Tutorials

How to Print a Backpacking Itinerary as a Paper Backup

Updated July 18, 20264 min readRidgeSync team

Wide mountain valley with a river, forest, and snowy summits under a bright sky

You can print a backpacking itinerary straight from RidgeSync using the Print button, which calls the browser's print dialog labeled "Print or save as PDF" — no separate export step required. Expand the fullscreen itinerary first so you're printing the complete plan, not just whatever's visible in the sidebar.

A paper copy matters because phones die, get wet, or lose signal exactly when you need the plan most. Leave a printed copy with your emergency contact and carry a second one in a dry bag, even on trips where you're also relying on your phone.

Step by step: print or save your itinerary as a PDF

  1. Open your trip's overview

    Go to your trip and find the trip overview panel, where the Print button lives alongside your trip stats (Length / Elev. gain / Est. time).

  2. Click Expand for the fullscreen itinerary

    Click the Expand pill to open the fullscreen itinerary view. This gives you Trip tabs — Overview, Days, Conditions — and, per day, Day tabs Overview, Stops, and Conditions.

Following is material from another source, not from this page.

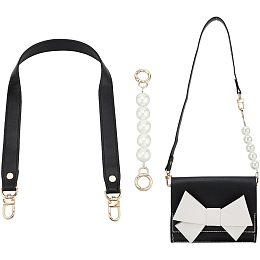 WADORN 2 Styles Purse Handle Strap, 23.6 Inch Short PU Leather Handbag Shoulder Strap 6.7 Inch Round Pearl Beaded Bag Strap Extenders Chain DIY Bag Chain Strap Conversion Kit for Wallet Clutch, Black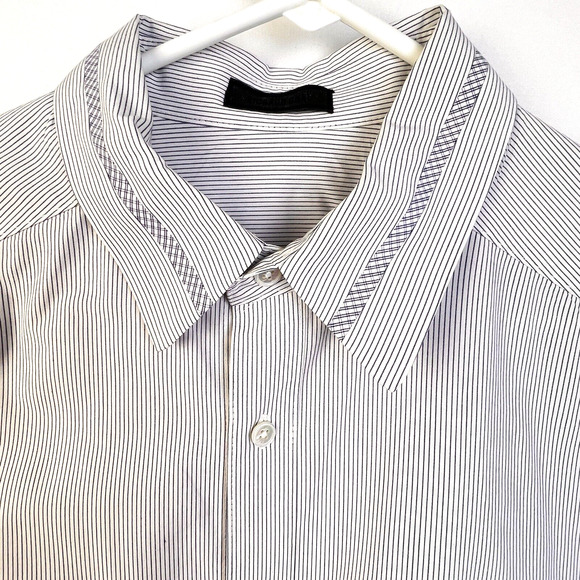 Richard Chai Button Down Shirt Women's XL White Gray Stripe Career Basic Work - Picture 1 of 11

  3. Check the Overview tab

    The Overview tab shows your trip-wide stats and day-by-day summary. Confirm the dates, total mileage, and elevation gain look right before you print.

  4. Review the Days tab

    The Days tab lists each day's route, camp, and markers in order. This is the section you'll actually reference on trail, so check that campsites, water sources, and meal stops are all showing for every day.

  5. Check Conditions before you print

    The Conditions tab shows the per-day weather forecast. Weather changes daily, so check this close to your departure date rather than relying on a printout from a week earlier for anything beyond the general outlook.

    Tip Free accounts only get forecasts for the first 2 days, so a printed itinerary for a longer trip may only show partial weather — worth checking a forecast site separately for the later days.

  6. Click Print

    Click the Print button in the trip overview. This calls your browser's print dialog labeled "Print or save as PDF" — choose a physical printer, or save as PDF if you want a digital backup as well as a paper one.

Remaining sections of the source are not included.